All Products
Search
Document Center

Elasticsearch:Metrics and exception handling suggestions

Last Updated:Feb 21, 2024

Alibaba Cloud Elasticsearch provides a variety of basic metrics to monitor the statuses of clusters. The metrics include ClusterStatus(value), ClusterQueryQPS(Count/Second), NodeCPUUtilization(%), and NodeDiskUtilization(%). These metrics help you obtain the statuses of your clusters in real time and address potential issues at the earliest opportunity to ensure cluster stability. This topic describes how to view cluster monitoring data. This topic also describes the metrics and the causes of exceptions, and provides suggestions for handling the exceptions.

Differences with other monitoring features

The cluster monitoring feature provided by Alibaba Cloud Elasticsearch may be different from the monitoring feature provided by Kibana or a third-party service in the following aspects:

  • Data collection period: The data collection period of the cluster monitoring feature and that of the monitoring feature provided by Kibana or a third-party service are different. As a result, the data collected by using these features is different.
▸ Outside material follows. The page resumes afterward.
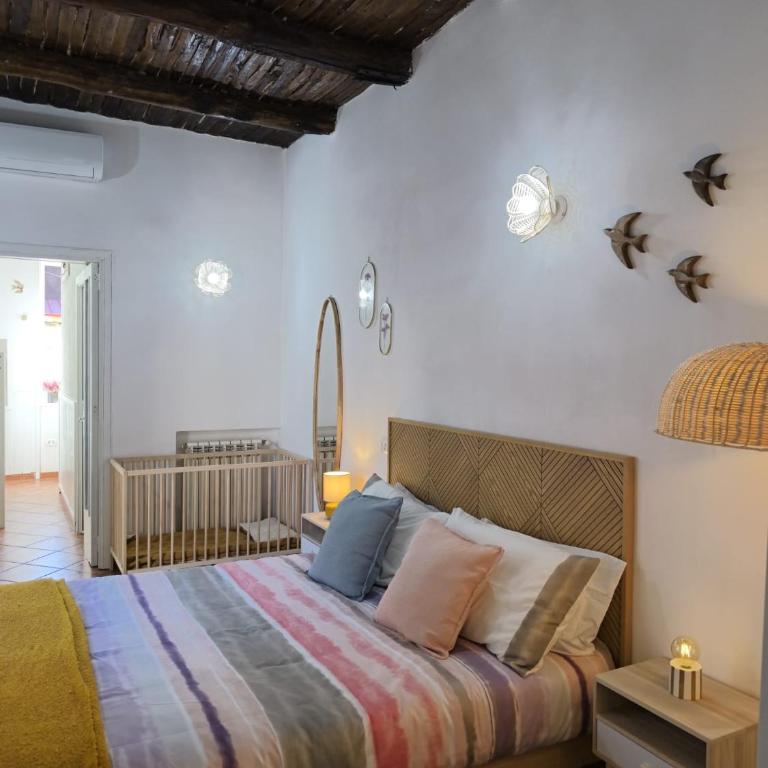 Regina Partenope Home - Appartamento con 2 Camere da Letto e Balcone - 15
  • Algorithms for the monitoring of data queries: The cluster monitoring feature and the monitoring feature provided by Kibana are affected by cluster stability when they collect data. The values of the QPS metrics provided by the cluster monitoring feature may spike, be negative, or be empty due to the instability of an Elasticsearch cluster, whereas monitoring results may not be displayed for the monitoring feature provided by Kibana.

    Note

    If the cluster monitoring feature provides more metrics than the monitoring feature provided by Kibana, we commend that you use both features for monitoring in your business scenarios.

  • APIs used to collect data: Data of the metrics provided by the monitoring feature of Kibana is collected by calling the Elasticsearch API. Data of some node-level metrics, such as NodeCPUUtilization(%), NodeLoad_1m(value), and NodeDiskUtilization(%), provided by the cluster monitoring feature is collected by calling the underlying system API of Alibaba Cloud Elasticsearch. Therefore, in addition to the monitoring data of Elasticsearch processes, the cluster monitoring feature also collects the usage of system resources.
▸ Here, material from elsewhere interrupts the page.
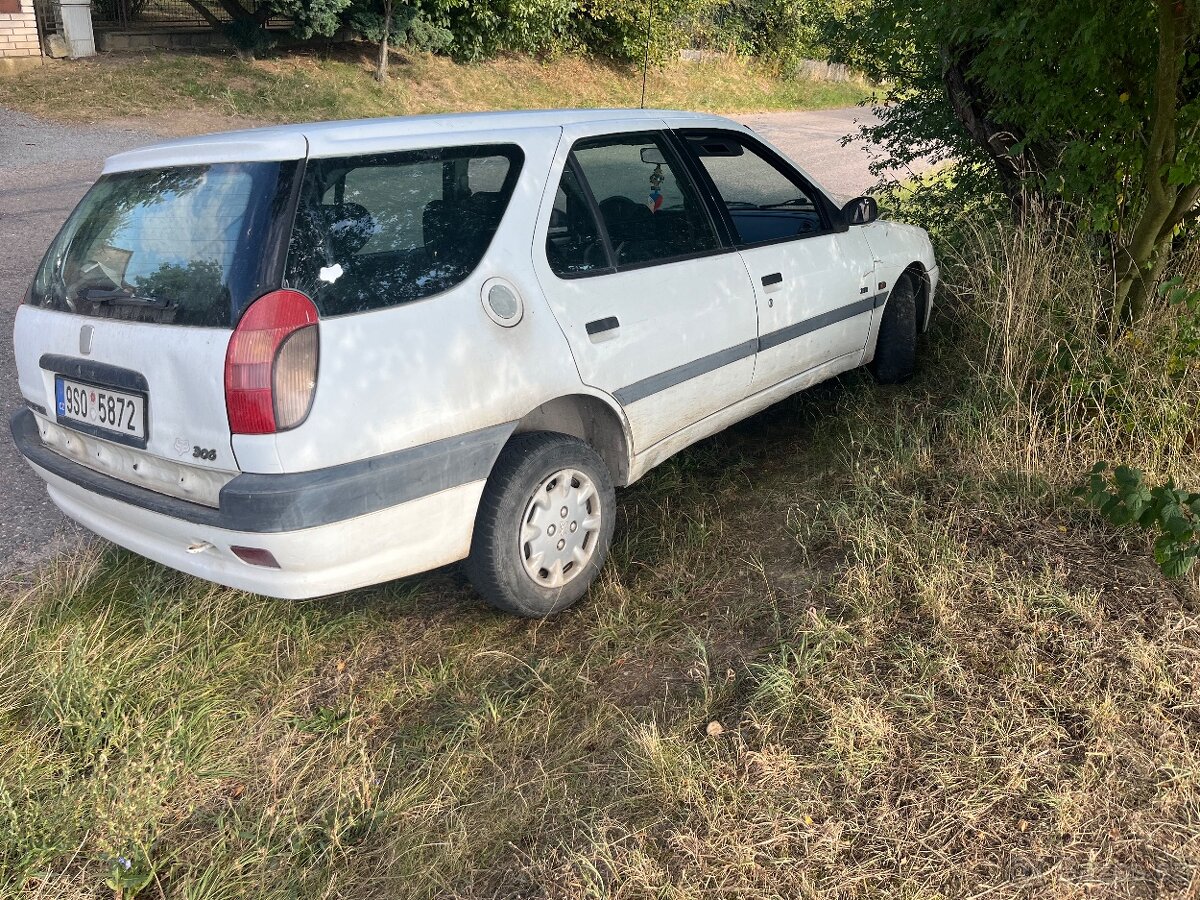 Prodám Peugeot 306 na náhradní díly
View cluster monitoring data

  1. Log on to the Alibaba Cloud Elasticsearch console.
  2. In the left-side navigation pane, click Elasticsearch Clusters.
  3. Navigate to the desired cluster.
    1. In the top navigation bar, select the resource group to which the cluster belongs and the region where the cluster resides.
    2. On the Elasticsearch Clusters page, find the cluster and click its ID.
  4. In the left-side navigation pane of the page that appears, choose Monitoring and Logs > Cluster Monitoring.

  5. On the Basic Monitoring tab, select a resource type and a period of time to view the detailed monitoring data that is generated for this type of resource within this period of time.

    You can also click Custom, configure Start Date and End Date, and then click Confirm to view the detailed monitoring data that is generated within the custom period of time.

    Note

    The alerting feature is enabled for Elasticsearch clusters by default. Therefore, you can view historical monitoring data on the Cluster Monitoring page. You can view monitoring data by minute, and monitoring data is retained only for 30 days.

ClusterStatus(value)

Description

The ClusterStatus(value) metric indicates the health status of a cluster. The value 0.00 indicates that the cluster is normal. This metric is required. For more information, see Configure cluster alerting. The following table describes the values of the metric.

Value

Color

Status

Description

2.00

Red

Not all of the primary shards are available.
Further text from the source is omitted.